Eu me identifico muito com esse cara. Em seus escritos ele sempre cita nobres nomes da literatura e da filosofia. Um de seus preferidos é Fernando Pessoa (e pseudônimos). Rubem Alves é psicanalista, o que me agrada bastante, pois nada como uma psicanálise misturada com a beleza da poesia.
Aí vai, portanto, o último texto dele que li. Para quem acha que está com todos os parafusos no lugar:
Saúde Mental 
Fui convidado a fazer uma preleção sobre saúde mental. 
Os que me convidaram supuseram que eu, na qualidade de psicanalista, 
deveria ser um especialista no assunto. E eu também pensei. Tanto que 
aceitei. Mas foi só parar para pensar para me arrepender. Percebi que 
nada sabia.

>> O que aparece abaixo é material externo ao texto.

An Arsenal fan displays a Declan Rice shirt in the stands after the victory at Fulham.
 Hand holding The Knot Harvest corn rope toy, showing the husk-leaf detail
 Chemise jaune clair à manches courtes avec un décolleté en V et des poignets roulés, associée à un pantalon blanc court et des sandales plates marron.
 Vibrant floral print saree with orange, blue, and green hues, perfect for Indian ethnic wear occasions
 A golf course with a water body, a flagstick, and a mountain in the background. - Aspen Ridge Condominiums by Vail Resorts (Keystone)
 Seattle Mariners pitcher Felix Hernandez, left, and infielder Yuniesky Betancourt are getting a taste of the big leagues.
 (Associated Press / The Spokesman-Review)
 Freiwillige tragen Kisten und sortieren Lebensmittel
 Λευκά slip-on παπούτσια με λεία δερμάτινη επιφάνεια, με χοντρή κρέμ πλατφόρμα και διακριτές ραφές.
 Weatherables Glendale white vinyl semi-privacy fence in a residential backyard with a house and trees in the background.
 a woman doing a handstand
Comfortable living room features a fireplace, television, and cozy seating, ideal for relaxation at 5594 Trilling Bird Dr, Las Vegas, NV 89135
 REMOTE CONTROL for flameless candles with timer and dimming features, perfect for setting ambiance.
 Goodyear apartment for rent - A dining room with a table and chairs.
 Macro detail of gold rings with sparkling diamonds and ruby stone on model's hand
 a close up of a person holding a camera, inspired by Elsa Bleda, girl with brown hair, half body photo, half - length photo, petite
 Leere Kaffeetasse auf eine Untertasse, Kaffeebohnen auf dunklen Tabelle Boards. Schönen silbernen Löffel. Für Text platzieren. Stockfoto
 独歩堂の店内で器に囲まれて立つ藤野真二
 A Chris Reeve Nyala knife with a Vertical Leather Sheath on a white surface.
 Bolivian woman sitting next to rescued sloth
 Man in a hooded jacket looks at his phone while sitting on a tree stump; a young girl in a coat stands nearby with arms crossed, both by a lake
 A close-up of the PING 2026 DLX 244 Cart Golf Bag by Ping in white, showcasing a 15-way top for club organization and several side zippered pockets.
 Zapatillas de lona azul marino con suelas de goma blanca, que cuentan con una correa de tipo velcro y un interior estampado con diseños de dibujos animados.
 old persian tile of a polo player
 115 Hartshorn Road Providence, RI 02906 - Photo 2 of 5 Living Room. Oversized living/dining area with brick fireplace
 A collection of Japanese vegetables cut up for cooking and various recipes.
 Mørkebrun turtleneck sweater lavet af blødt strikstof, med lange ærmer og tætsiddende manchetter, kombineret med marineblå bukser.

Eu me explico.
Comecei o meu pensamento fazendo uma lista das 
pessoas que, do meu ponto de vista, tiveram uma vida mental rica e 
excitante, pessoas cujos livros e obras são alimento para a minha alma. 
Nietzsche, Fernando Pessoa, van Gogh, Wittgenstein, Cecília Meireles, 
Maikóvski. E logo me assustei. Nietzsche ficou louco. Fernando Pessoa 
era dado à bebida. van Gogh se matou. Wittgenstein se alegrou ao saber 
que iria morrer em breve: não suportava mais viver com tanta angústia. 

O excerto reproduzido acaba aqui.